Task goal: Return the listing below verbatim. Pictures do not belong in the copy.

Records:

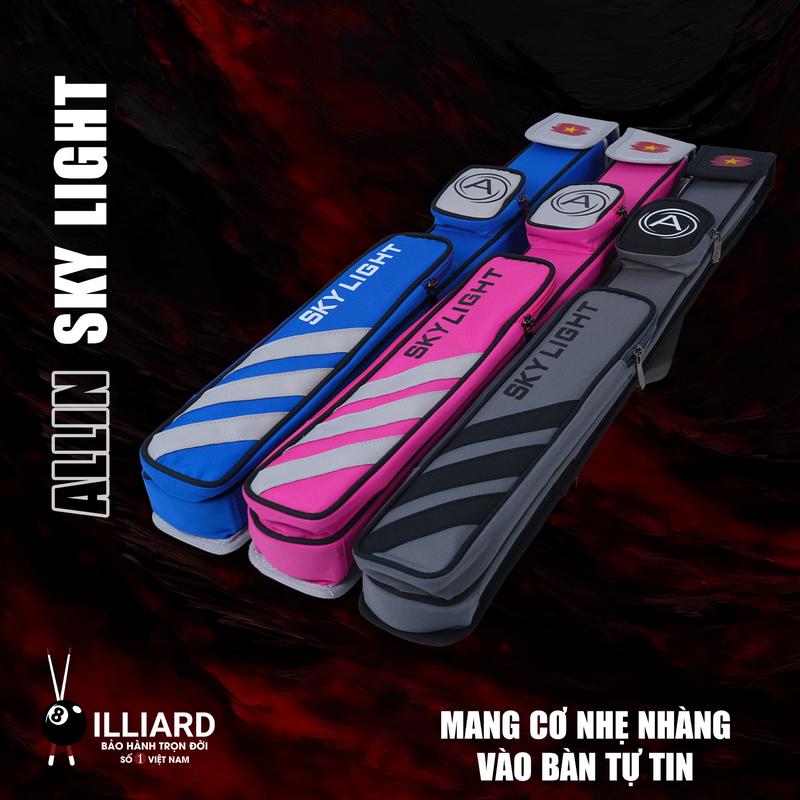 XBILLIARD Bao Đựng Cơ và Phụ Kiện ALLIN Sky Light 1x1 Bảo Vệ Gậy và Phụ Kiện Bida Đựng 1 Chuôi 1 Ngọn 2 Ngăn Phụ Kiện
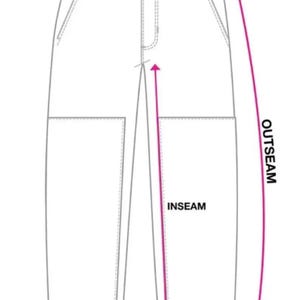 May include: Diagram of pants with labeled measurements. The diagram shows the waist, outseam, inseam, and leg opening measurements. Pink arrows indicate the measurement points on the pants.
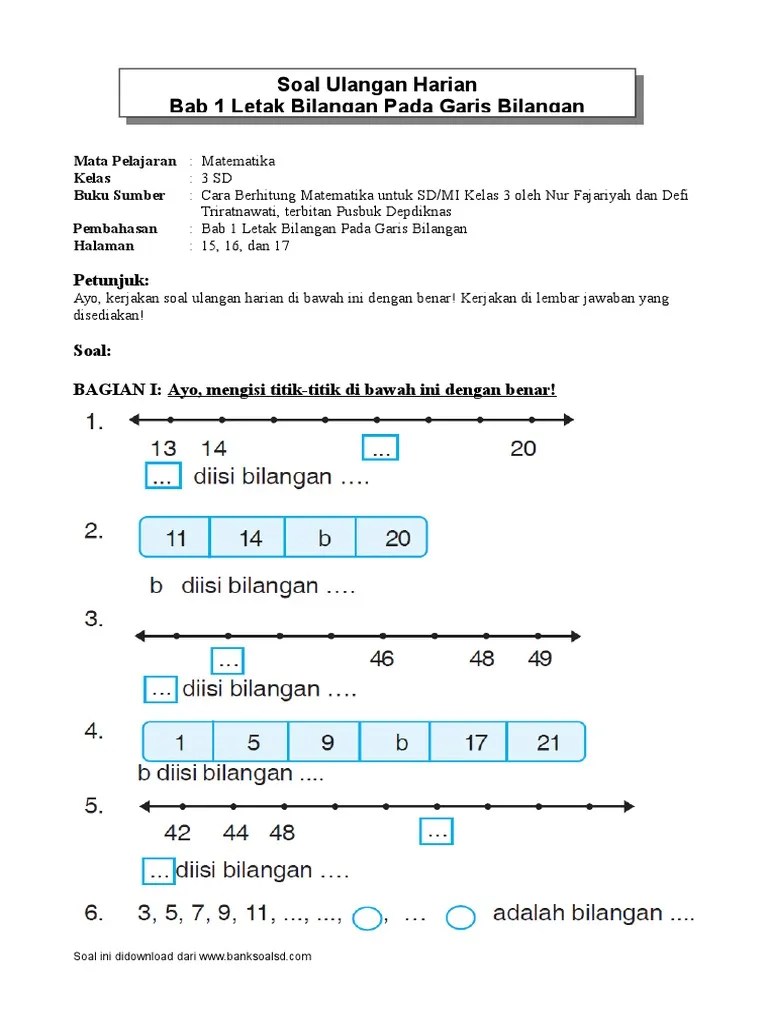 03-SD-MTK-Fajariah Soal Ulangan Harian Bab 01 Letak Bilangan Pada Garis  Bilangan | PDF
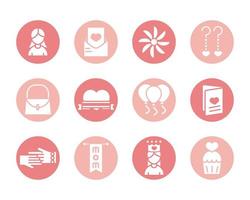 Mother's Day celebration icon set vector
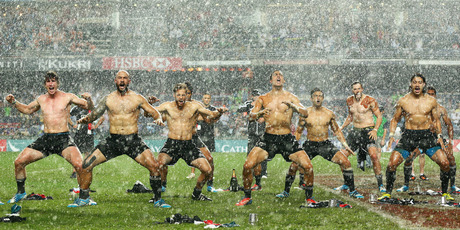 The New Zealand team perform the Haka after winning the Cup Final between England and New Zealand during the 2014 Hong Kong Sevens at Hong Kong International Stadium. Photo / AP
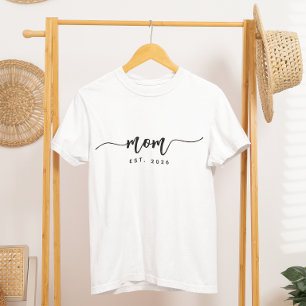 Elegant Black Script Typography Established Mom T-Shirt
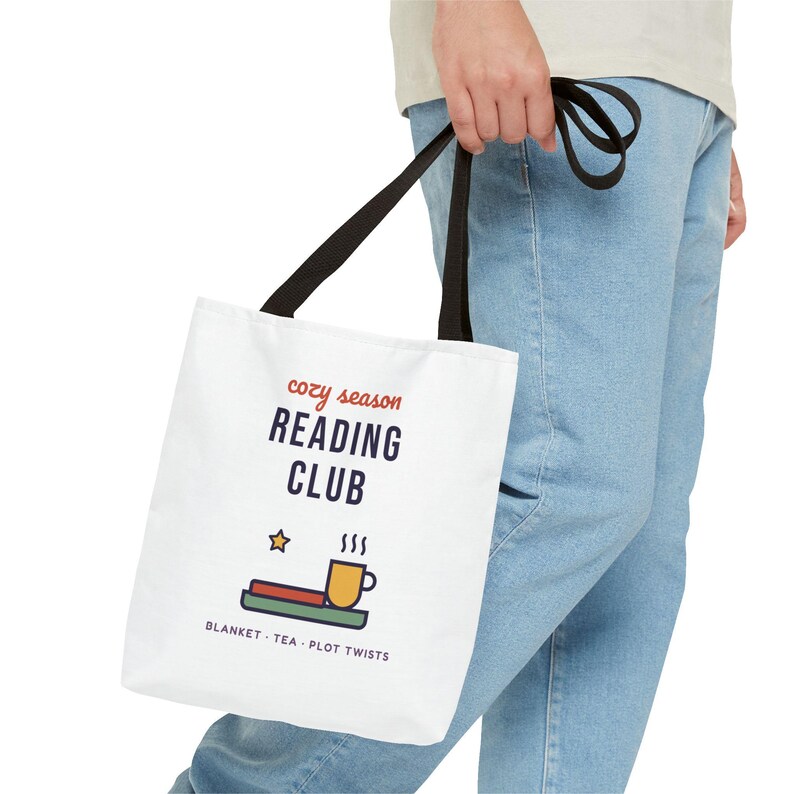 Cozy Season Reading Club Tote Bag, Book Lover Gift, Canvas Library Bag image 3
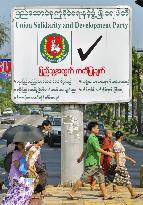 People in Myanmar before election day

Answer below:
 XBILLIARD Bao Đựng Cơ và Phụ Kiện ALLIN Sky Light 1x1 Bảo Vệ Gậy và Phụ Kiện Bida Đựng 1 Chuôi 1 Ngọn 2 Ngăn Phụ Kiện
 May include: Diagram of pants with labeled measurements. The diagram shows the waist, outseam, inseam, and leg opening measurements. Pink arrows indicate the measurement points on the pants.
 03-SD-MTK-Fajariah Soal Ulangan Harian Bab 01 Letak Bilangan Pada Garis  Bilangan | PDF
 Mother's Day celebration icon set vector
 The New Zealand team perform the Haka after winning the Cup Final between England and New Zealand during the 2014 Hong Kong Sevens at Hong Kong International Stadium. Photo / AP
 Elegant Black Script Typography Established Mom T-Shirt
 Cozy Season Reading Club Tote Bag, Book Lover Gift, Canvas Library Bag image 3
 People in Myanmar before election day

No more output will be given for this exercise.